不動産売買においては、2つの似たような金銭が存在します。
それが、“手付金”と“内金”です。

ただ、これらの金銭は、実際には大きく異なるものであり、これから不動産売買をするのであれば、その違いを明確にしておかなければいけません。

それでは具体的に解説します。

不動産売買における“手付金”って?

不動産売買における“手付金”とは、不動産売買契約が成立したことを保証するために、買い手から売り手に預けられる金銭のことを言います。

これは“証約手付”と呼ばれ、売買代金とは別の金銭として預けられるものですが、特に問題がなければ、そのまま売買代金の一部として納められることが多いです。

また、手付金は、基本的に返還請求が行われないものですが、買い手の手元に返ってくる場合もあります。
なぜかと言うと、手付金は、前述の“証約手付”以外に、“解約手付”としての性質も持っているためです。

これは、売り手が手付金の倍額を買い手に支払えば、不動産売買契約をキャンセルできるというものであり(手付倍返し)、逆に買い手がキャンセルする場合は、事前に売り手に預けている手付金を放棄しなければいけません(手付流し)。

ちなみに、他にも手付金には“違約手付”としての性質があり、これは、買い手か売り手のどちらかに債務不履行が発生した場合に、手付金を“違約金”として、相手方に没収されることを言います。

手付金の金額はどれくらいなのか?

手付金の金額は、特に法律で制限されていません。

ただ、これは個人が売り手になる場合の話であって、不動産会社が売り手を務める場合は、必ず売買代金の20%以下にしなければいけないという決まりがあります。

もちろん、個人が売り手を務める場合でも、金額が低すぎると、売り手も買い手も契約をキャンセルすることへの抵抗が少なくなりますし、逆に金額が高すぎると、キャンセルするための負担が大きくなりすぎてしまい、解約手付としての役割を果たせなくなる可能性があります。

そのため、手付金の金額は、一般的に売買代金の5~20%の範囲内で決定されることが多いです。

もっと言えば、売買代金の10%以内にしておくのが理想的であり、10%を超える手付金を預けるというケースは、極めて稀です。

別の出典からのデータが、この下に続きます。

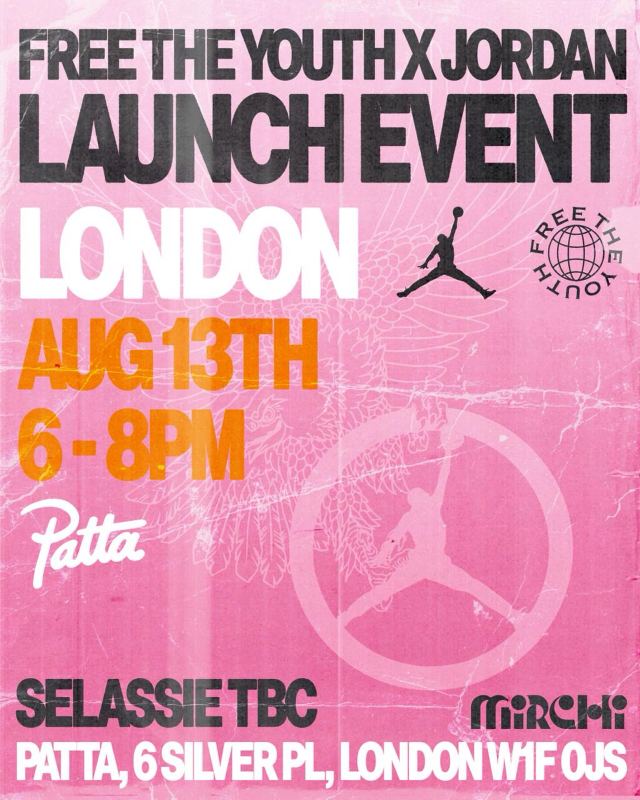 Free the Youth X Jordan Launch Event, Thu, Aug 13, Patta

住宅ローンが関係している場合の手付金は特殊な扱いになる

先ほど、手付金は、解約手付としての性質を持っているという話をしました。
しかし、住宅ローンが関係している場合の手付金は、少し特殊な扱いになります。

通常、不動産売買契約は、買い手が住宅ローンに申し込む前に行われますよね。

そして、不動産売買契約が締結された後、買い手は住宅ローンの審査を受けることになるのですが、もし審査に通らなかった場合、融資が受けられないため、当然不動産を購入するのは難しくなります。

つまり、契約を履行するのが難しくなるということですね。

ただ、この場合、買い手は手付金を放棄しなくとも、売買契約をキャンセルすることが可能です。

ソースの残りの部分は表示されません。